::: Excerpted records

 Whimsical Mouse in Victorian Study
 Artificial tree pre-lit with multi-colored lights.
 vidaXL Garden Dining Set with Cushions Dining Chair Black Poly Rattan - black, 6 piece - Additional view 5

::::::
::: Excerpted records

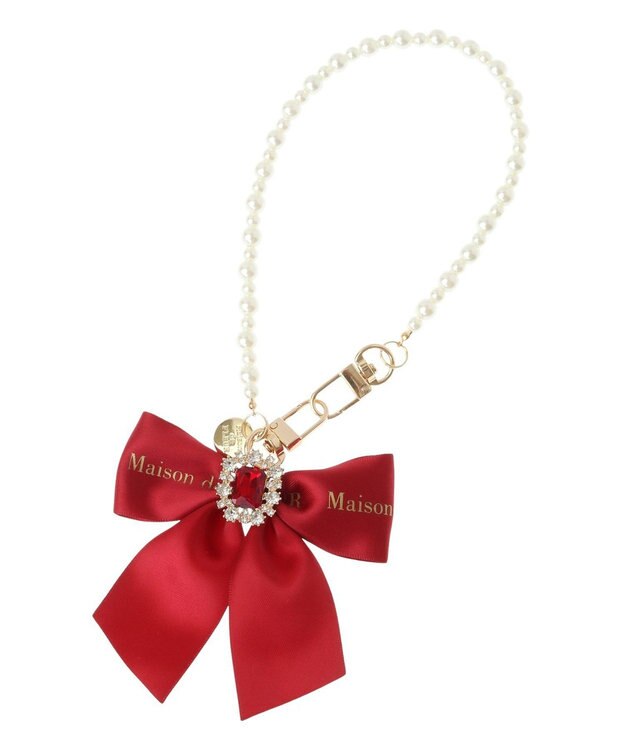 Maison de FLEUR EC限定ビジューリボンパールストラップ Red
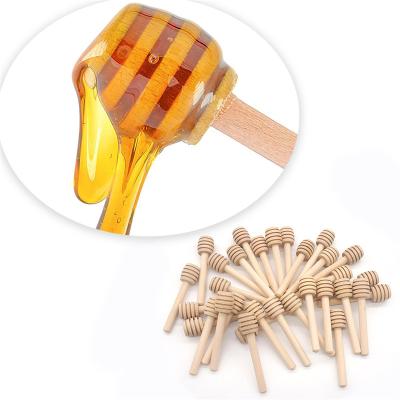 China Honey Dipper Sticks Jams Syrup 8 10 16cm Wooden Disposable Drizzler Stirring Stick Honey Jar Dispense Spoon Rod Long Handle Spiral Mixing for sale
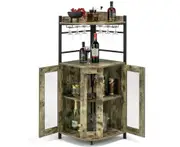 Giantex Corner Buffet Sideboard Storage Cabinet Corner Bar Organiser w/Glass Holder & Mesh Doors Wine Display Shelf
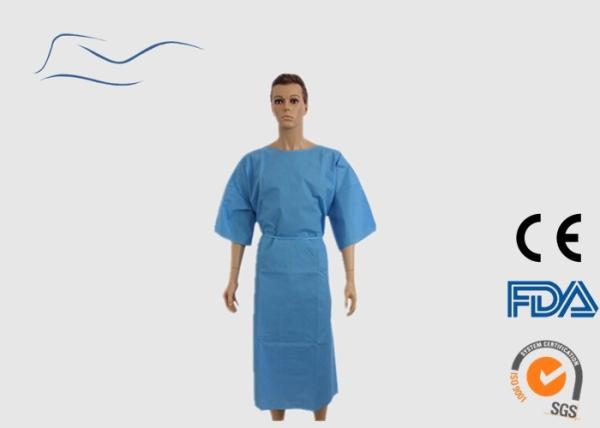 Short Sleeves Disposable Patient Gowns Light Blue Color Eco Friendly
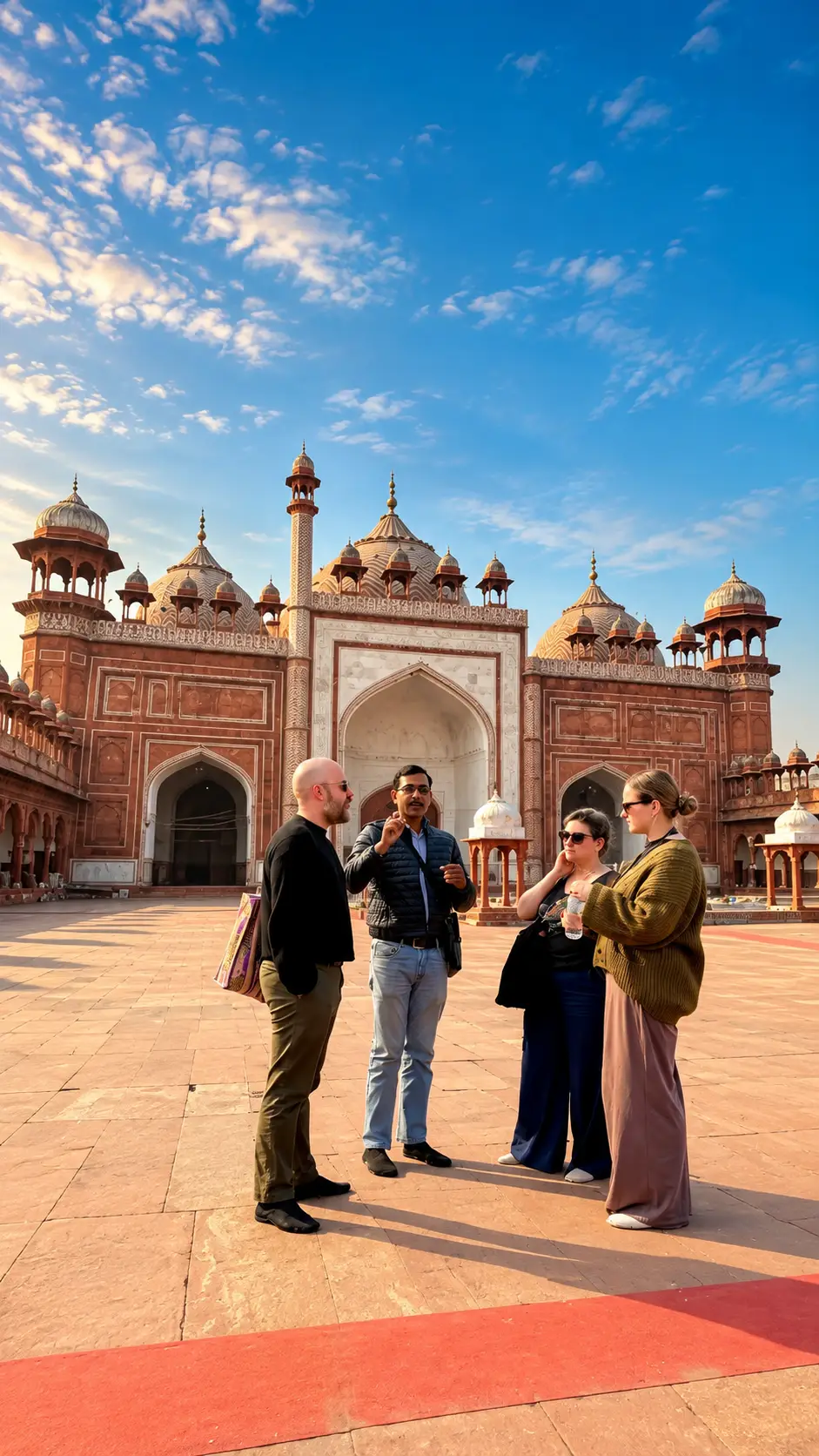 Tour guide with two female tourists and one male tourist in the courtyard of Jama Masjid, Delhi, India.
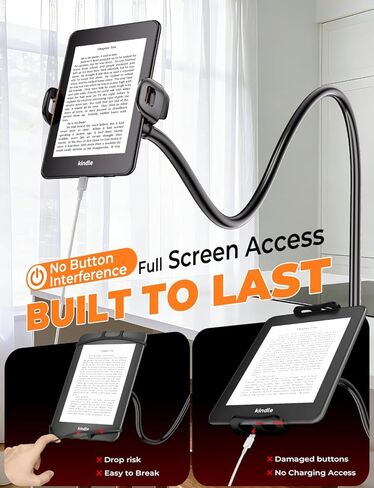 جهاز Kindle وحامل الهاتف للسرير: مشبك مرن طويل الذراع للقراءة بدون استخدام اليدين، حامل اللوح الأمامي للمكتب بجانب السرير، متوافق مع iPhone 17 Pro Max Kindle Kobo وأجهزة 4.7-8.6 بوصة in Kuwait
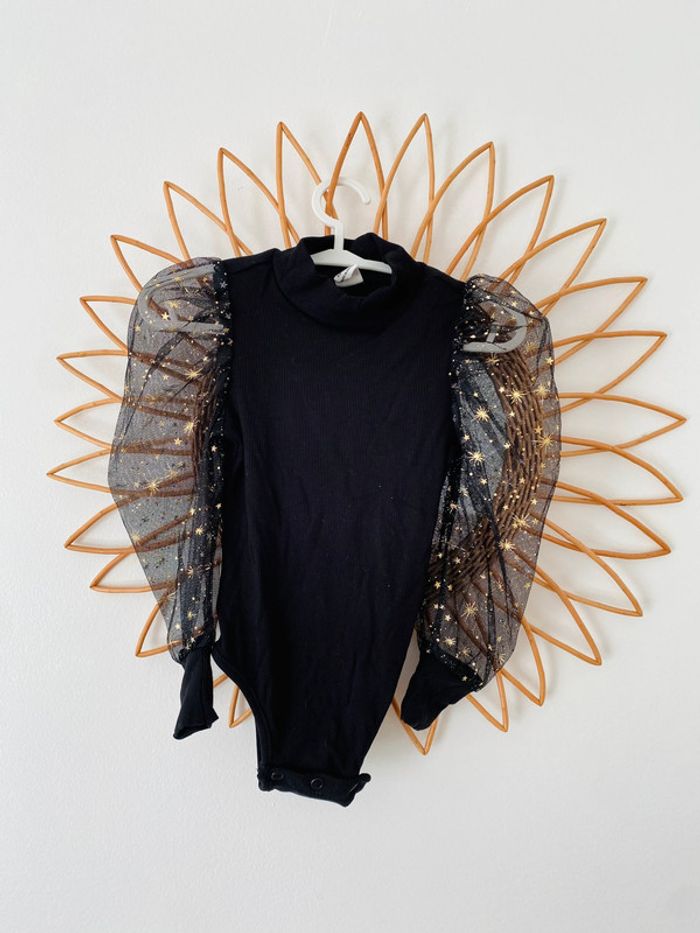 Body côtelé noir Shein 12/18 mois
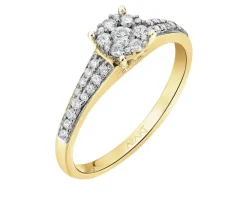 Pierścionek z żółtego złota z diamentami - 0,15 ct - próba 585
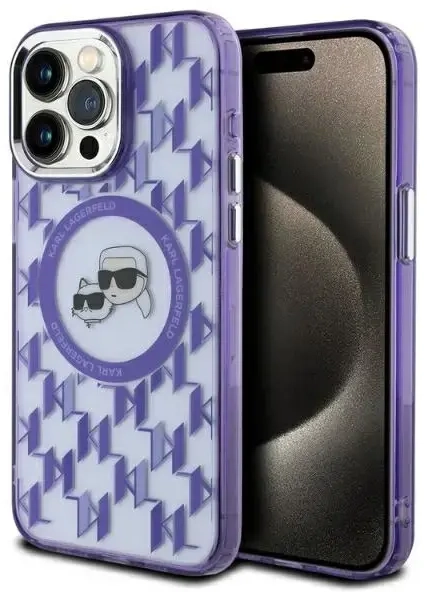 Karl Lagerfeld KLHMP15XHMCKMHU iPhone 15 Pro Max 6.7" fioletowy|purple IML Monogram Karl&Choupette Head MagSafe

::::::

Task details:
As the answer, set down only the lines from the data above between the one holding "Artificial tree pre-lit" and the one holding "vidaXL Garden Dining", inclusive, exactly as they read.

Problem solution:
 Artificial tree pre-lit with multi-colored lights.
 vidaXL Garden Dining Set with Cushions Dining Chair Black Poly Rattan - black, 6 piece - Additional view 5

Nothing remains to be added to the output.